Work to be completed:
Repeat the lines from the one containing "vampirella Rage, Vampirella" through the end of the listing exactly, both ends included. Do not carry over any pictures.

Data provided:
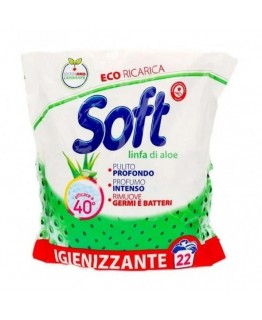 Порошок Soft Linfa di Aloe для стирки универсальный 22 стирки 1,100кг Порошок Soft Linfa di Aloe для стирки универсальный 22 стирки 1,100кг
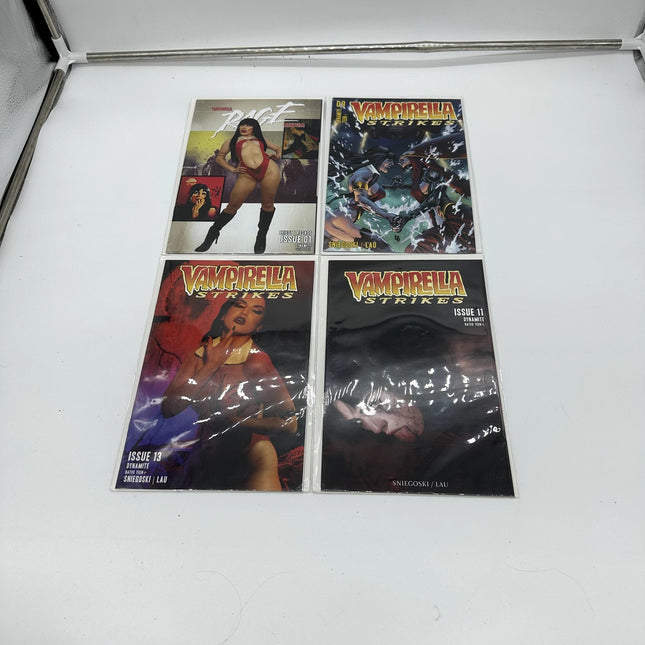 vampirella Rage, Vampirella Strikes comics lot of 4 comics 18+ suggested
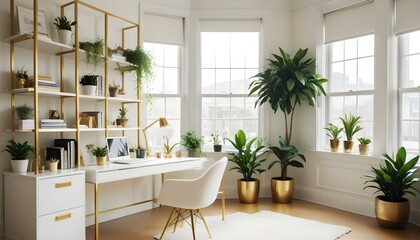 Photo interior modern design room 3d illustration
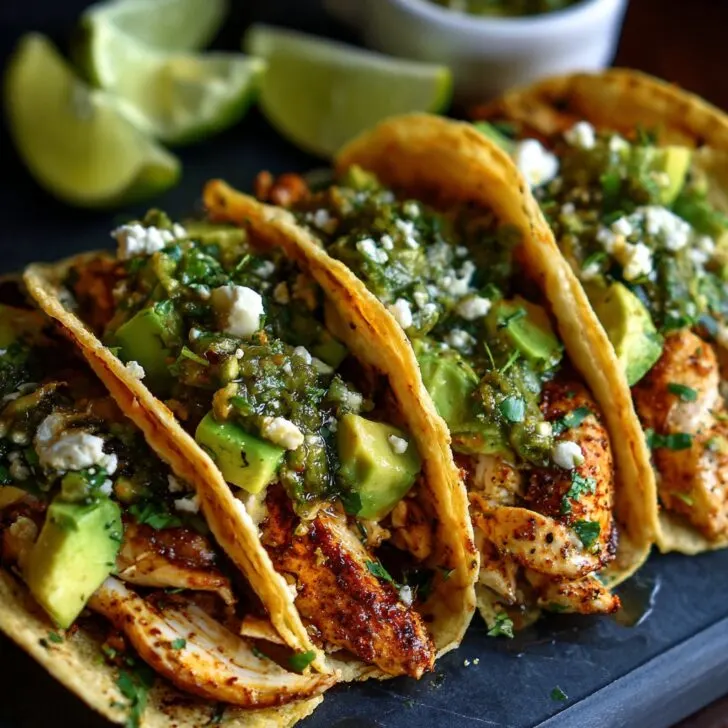Crispy Poblano Chicken Tacos with Avocado-Jalapeño Salsa Recipe Guide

Answer to this exercise:
 vampirella Rage, Vampirella Strikes comics lot of 4 comics 18+ suggested
 Photo interior modern design room 3d illustration
Crispy Poblano Chicken Tacos with Avocado-Jalapeño Salsa Recipe Guide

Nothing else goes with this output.